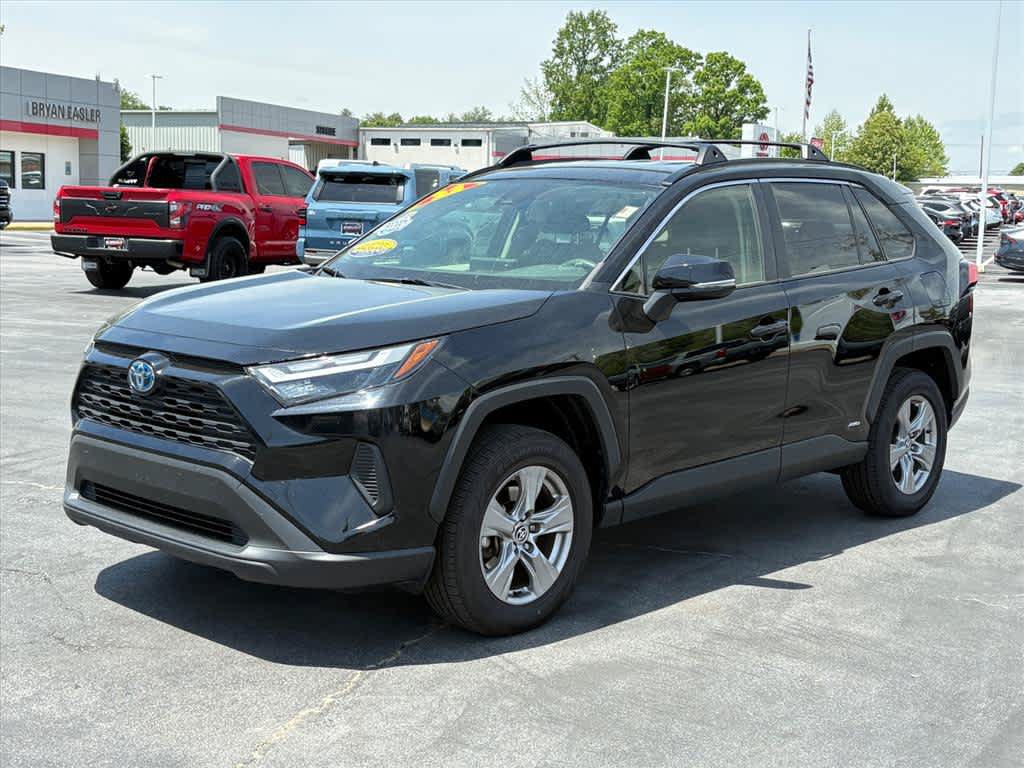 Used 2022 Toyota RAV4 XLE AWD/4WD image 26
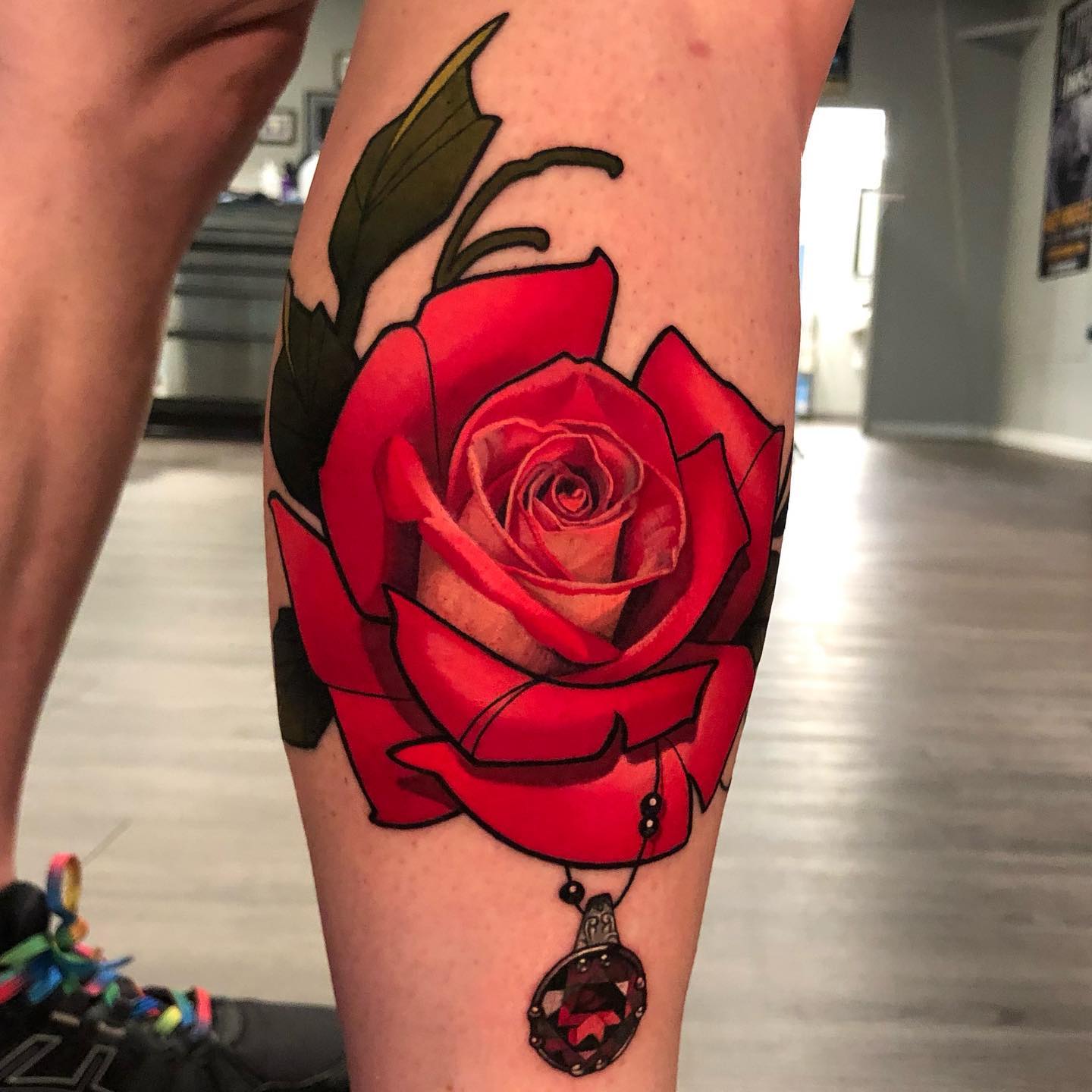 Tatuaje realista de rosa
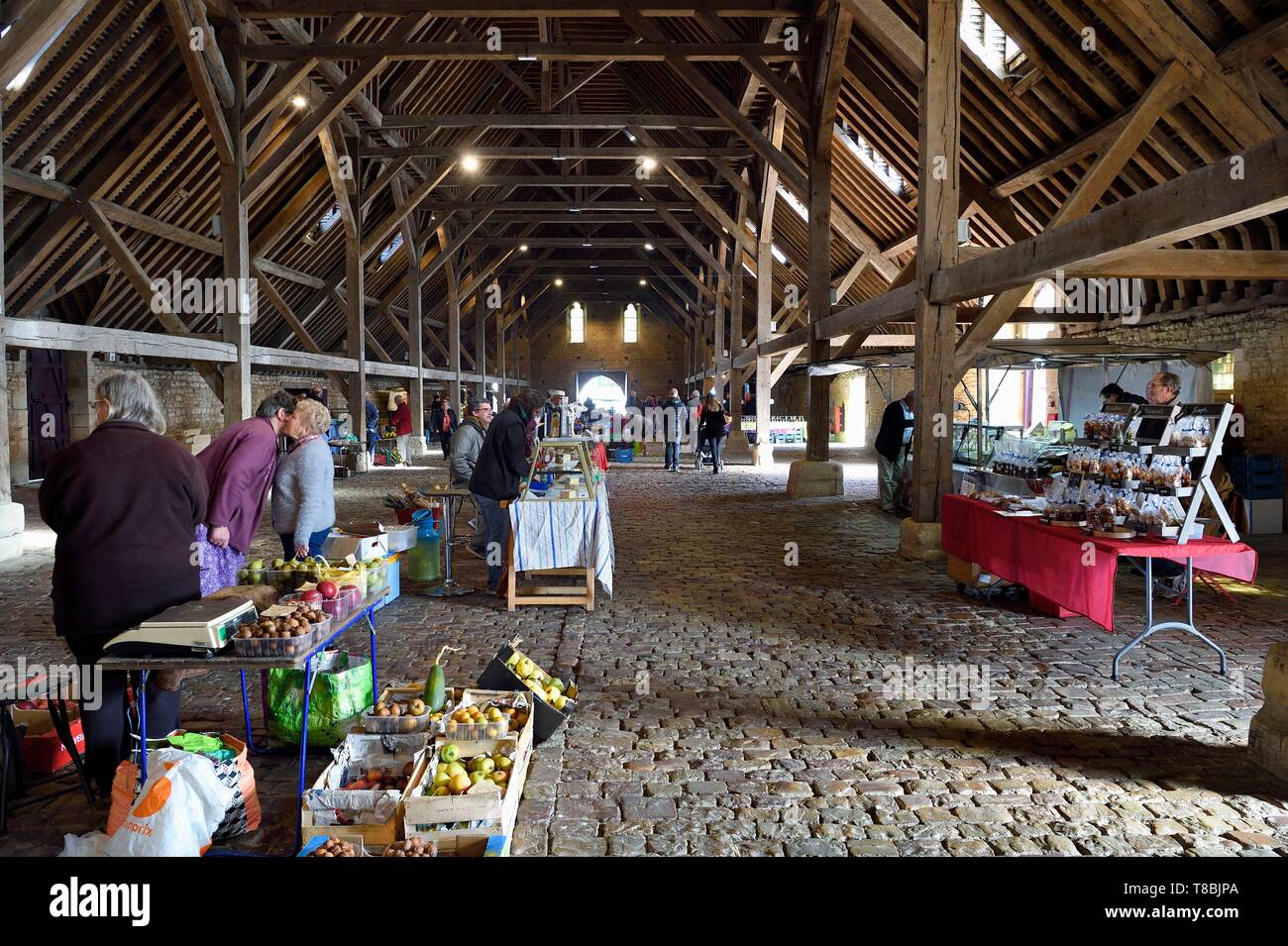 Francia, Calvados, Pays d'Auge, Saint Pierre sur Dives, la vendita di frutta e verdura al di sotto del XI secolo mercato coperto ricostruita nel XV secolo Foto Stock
::::::
EXERCISE DESCRIPTION:
Each line of the listing above should be retyped exactly, with no pictures.

EXERCISE RESPONSE:
 Used 2022 Toyota RAV4 XLE AWD/4WD image 26
 Tatuaje realista de rosa
 Francia, Calvados, Pays d'Auge, Saint Pierre sur Dives, la vendita di frutta e verdura al di sotto del XI secolo mercato coperto ricostruita nel XV secolo Foto Stock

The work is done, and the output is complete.